- KILLER sound throughout with Shootout Winning Triple Plus (A+++) sound or very close to it on sides two, three and four, and solid Double Plus (A++) sound on the first side
- On the acoustic side the harmonics of the stringed instruments — banjo and guitar — ring out clearly and naturally
- Two complete LPs worth of material: the first electric, the second acoustic, something for everybody — it even includes the Monkees hit “Take A Giant Step” if you can believe it
- 4 Stars: “Parties searching for an apt introduction when discovering Taj Mahal’s voluminous catalog are encouraged to consider Giant Step as a highly recommended reference point.”
The best copies are not hard to spot. They have the richest, breathiest, most present vocals, surrounded in the most space. The balance between the guitar, bass and drums on the electric side is correct. On the acoustic side the harmonics of the stringed instruments — banjo and guitar — ring out clearly and naturally.
A sweeter midrange, with less grit and spit on the vocals, was especially welcome and helped propel three of these sides right into the final round of the shootout, with side three eventually coming out on top.
This vintage Columbia 360 pressing has the kind of Tubey Magical Midrange that modern records can barely BEGIN to reproduce. Folks, that sound is gone and it sure isn’t showing signs of coming back. If you love hearing INTO a recording, actually being able to “see” the performers, and feeling as if you are sitting in the studio with the band, this is the record for you. It’s what vintage all analog recordings are known for — this sound.
If you exclusively play modern repressings of vintage recordings, I can say without fear of contradiction that you have never heard this kind of sound on vinyl. Old records have it — not often, and certainly not always — but maybe one out of a hundred new records do, and those are some pretty long odds.
What amazing sides such as these have to offer is not hard to hear:
- The biggest, most immediate staging in the largest acoustic space
- The most Tubey Magic, without which you have almost nothing. CDs give you clean and clear. Only the best vintage vinyl pressings offer the kind of Tubey Magic that was on the tapes in 1969
- Tight, note-like, rich, full-bodied bass, with the correct amount of weight down low
- Natural tonality in the midrange — with all the instruments having the correct timbre
- Transparency and resolution, critical to hearing into the three-dimensional studio space
No doubt there’s more but we hope that should do for now. Playing the record is the only way to hear all of the qualities we discuss above, and playing the best pressings against a pile of other copies under rigorously controlled conditions is the only way to find a pressing that sounds as good as this one does.

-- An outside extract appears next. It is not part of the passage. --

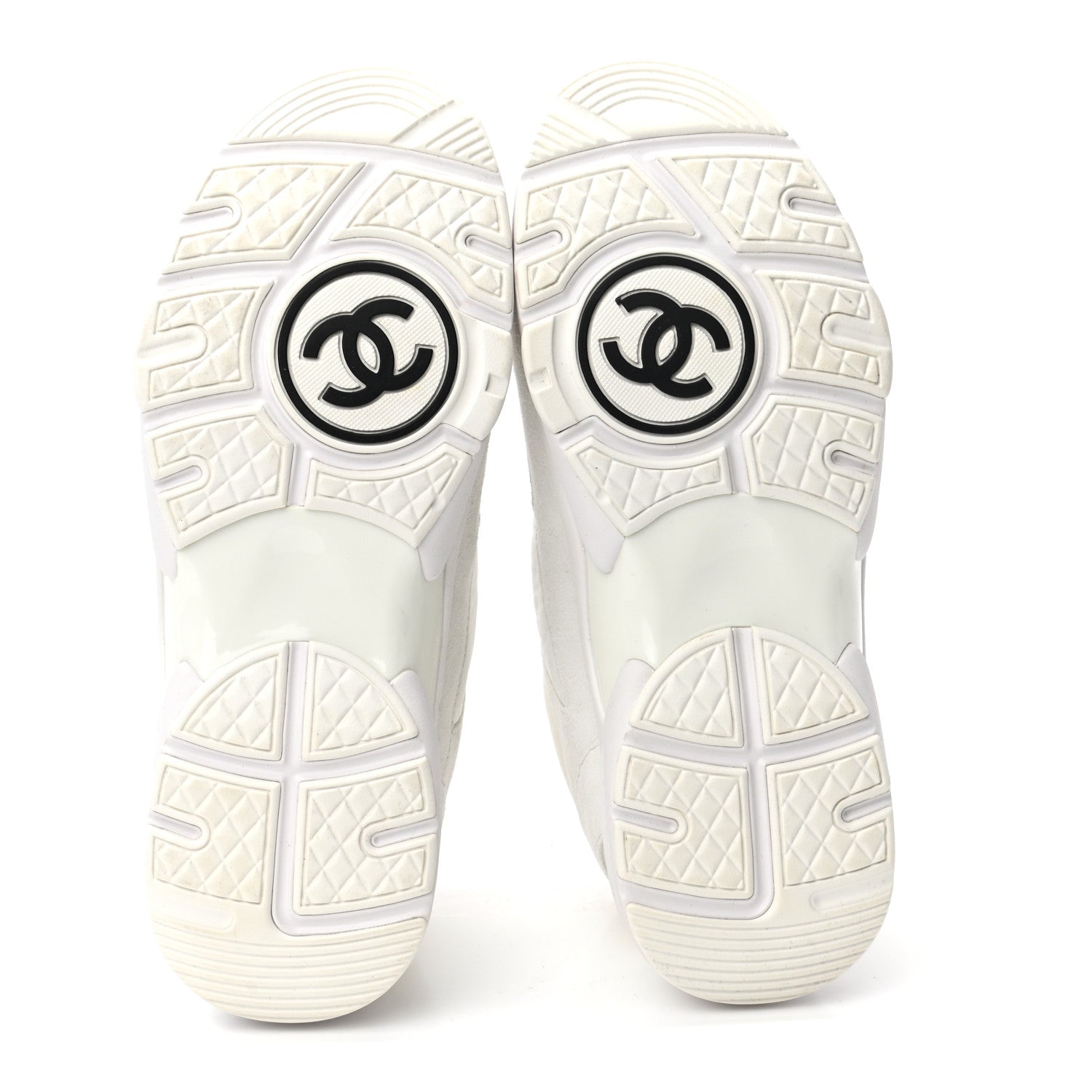 Chanel Suede Calfskin Fabric CC Sneakers 37 White 5 of 8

What We Listen For on Giant Step / De Ole Folks at Home
- Energy for starters. What could be more important than the life of the music?
- Then: presence and immediacy. The vocals aren’t “back there” somewhere, lost in the mix. They’re front and center where any recording engineer worth his salt would put them.

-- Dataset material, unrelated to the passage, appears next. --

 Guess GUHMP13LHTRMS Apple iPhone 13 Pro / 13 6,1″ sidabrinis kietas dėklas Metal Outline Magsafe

- The Big Sound comes next — wall to wall, lots of depth, huge space, three-dimensionality, all that sort of thing.
- Then transient information — fast, clear, sharp attacks, not the smear and thickness so common to these LPs.
- Tight punchy bass — which ties in with good transient information, also the issue of frequency extension further down.
- Next: transparency — the quality that allows you to hear deep into the soundfield, showing you the space and air around all the instruments.
- Extend the top and bottom and voila, you have The Real Thing — an honest to goodness Hot Stamper.
Side One (Giant Step)
Ain’t Gwine Whistle Dixie Anymo’
Take A Giant Step
Give Your Woman What She Wants
Good Morning Little School Girl
You’re Gonna Need Somebody On Your Bond
Side Two (Giant Step)
Six Days On The Road
Farther On Down The Road (You Will Accompany Me)
Keep Your Hands Off Her
Side One (De Ole Folks at Home)
Country Blues #1
Wild Ox Moan
Light Rain Blues
A Little Soulful Tune
Cluck Old Hen
Side wo (De Ole Folks at Home)
Blind Boy Rag
In less than 24 months, Taj Mahal (guitars/vocals/banjo/harmonica) had issued the equivalent of four respective long players. The electric Giant Step (1968) was released alongside the acoustic and decidedly rural De Ole Folks at Home (1968). The nine cuts on Giant Step feature support from the instrumental trio of Jessie Ed Davis (guitar/keyboards), Gary Gilmore (bass) and Chuck Blackwell (drums).
They back Taj Mahal on a wide selection of covers ranging from Carole King and Gerry Goffin’s “Take A Giant Step” to the upbeat and soulful reading of the Huddie Ledbetter blues staple “Keep Your Hands off Her”.”
The arrangements are unique and offer the artist’s distinctive approach.
Parties searching for an apt introduction when discovering Taj Mahal’s voluminous catalog are encouraged to consider Giant Step as a highly recommended reference point.